I know that fixing broken rules is hard and stuff, but it's a lot better than being a juvenile backstabber.


I have to take exception to that. What, exactly, is juvenile here? Is it saying "I don't want to play the game, so I exploit the rules and make it unplayable," or is it saying, "I'm the GM, and I will not allow you to willfully make my game unplayable." Yeah, I didn't use polite language in my original post, but I wasn't acting as a GM. I was not describing how I would call my players retards and stomp on their ideas like an asshole. I was just using colorful language to describe what I thought was the best solution to the problem.

You're comparing 'infinite agents' to 'firing more than one bullet.' One is clearly allowed by the rules, and makes perfect sense. One is based on a number of questionable interpretations of the rules, and has no place in any game. Can you guess which is which? Can you see the difference between the two?

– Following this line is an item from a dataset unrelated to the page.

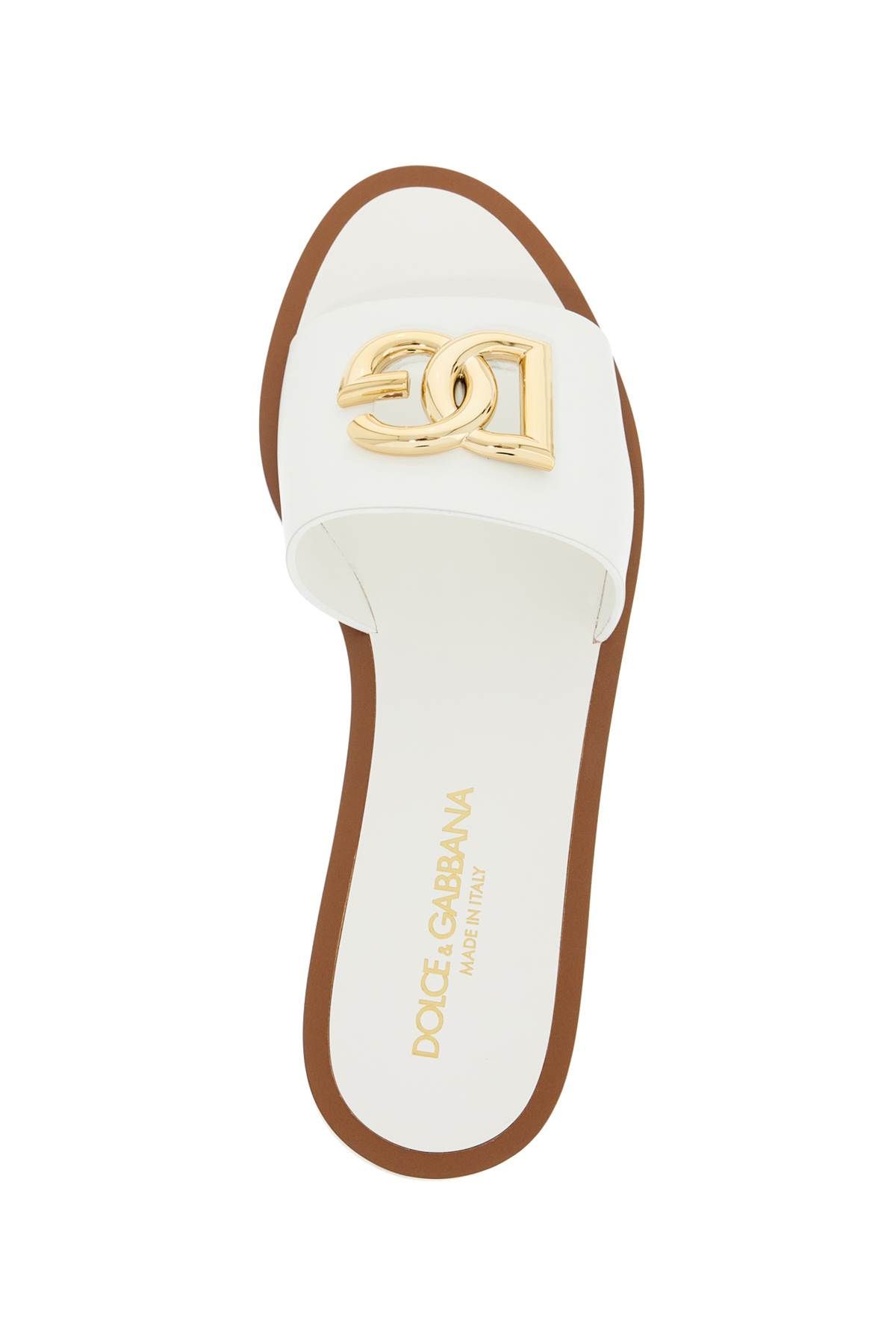 Shop Dolce & Gabbana White Dg Logo Slides With 8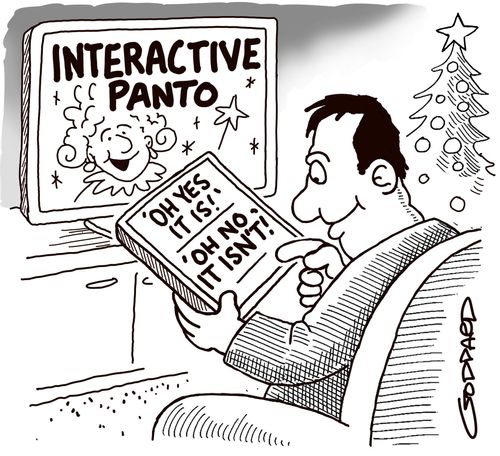 TV Interactive panto - Remote control buttons: Oh yes it is - Oh no it isn't.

Saying "no" is a valid way for the GM to fix broken rules. It is not backstabbing to tell a player they can't go ahead and wreck the game just because the rules in the rulebook, read very loosely, would maybe allow it. Maybe it would be backstabbing to let them spend 250k on agents at chargen and then come back with "haw haw, tricked you, your character is worthless." But exercising GM discretion to preserve the game against a blatantly obvious rules exploit? How dastardly.